Les règles, baptisées «Foreign Media Facilitation Guidelines, 2026», ont été publiées dimanche. Elles ne fixent pas de délai pour l'obtention des NOC, exposant les journalistes à des attentes de plusieurs mois ou à l'absence totale de réponse — paralysant la couverture de l'actualité dans un pays de 240 millions d'habitants.
«Ces directives reviennent à étouffer les médias internationaux dans un espace déjà de plus en plus restreint.» — Mustafa Nawaz Khokhar, commentateur politique
Zaffar Abbas, rédacteur en chef du journal Dawn avec 40 ans d'expérience, a qualifié ces règles de «restrictions ridicules» portant atteinte à la liberté de la presse.
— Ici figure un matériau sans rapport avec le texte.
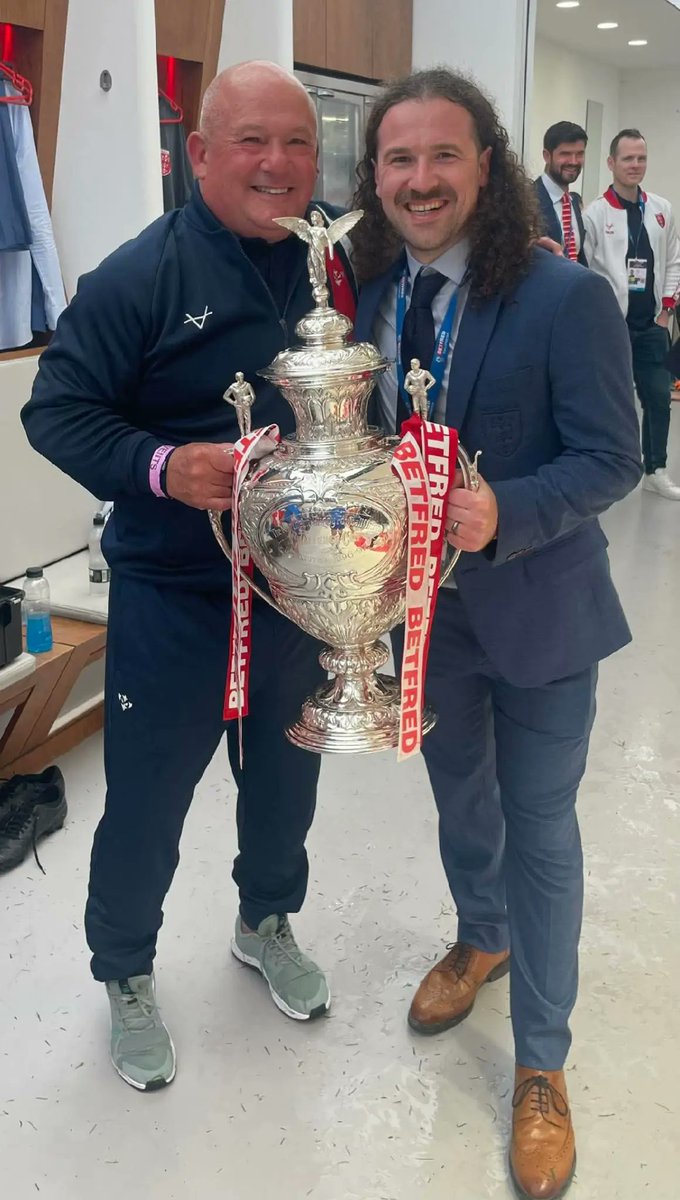 Ukraine_Rugby13's tweet image. 🏴󠁧󠁢󠁥󠁮󠁧󠁿ПРИГОЛОМШЛИВІ ВИХІДНІ🏆
Hull Kingston Rovers - команда англійської Супер Ліги і одного з тренерів Національної збірної України з регбіліг - Кевіна Дейтона @thekrd7 , стала переможцем найстарішого в світі регбійного турніру Challenge Cup!🏆👏

#UkraineRugbyLeague
#UkrainiansRL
L'avocat Salhuddin Ahmed les a décrites comme «une tentative précipitée de restreindre davantage le journalisme indépendant», sans aucun fondement légal.
Ces mesures font suite à des reportages depuis le Cachemire administré par le Pakistan, où des affrontements meurtriers ont éclaté depuis deux mois. Al Jazeera a été bloqué après qu'un reportage a été qualifié de «journalisme à scandale» par le ministère de l'information.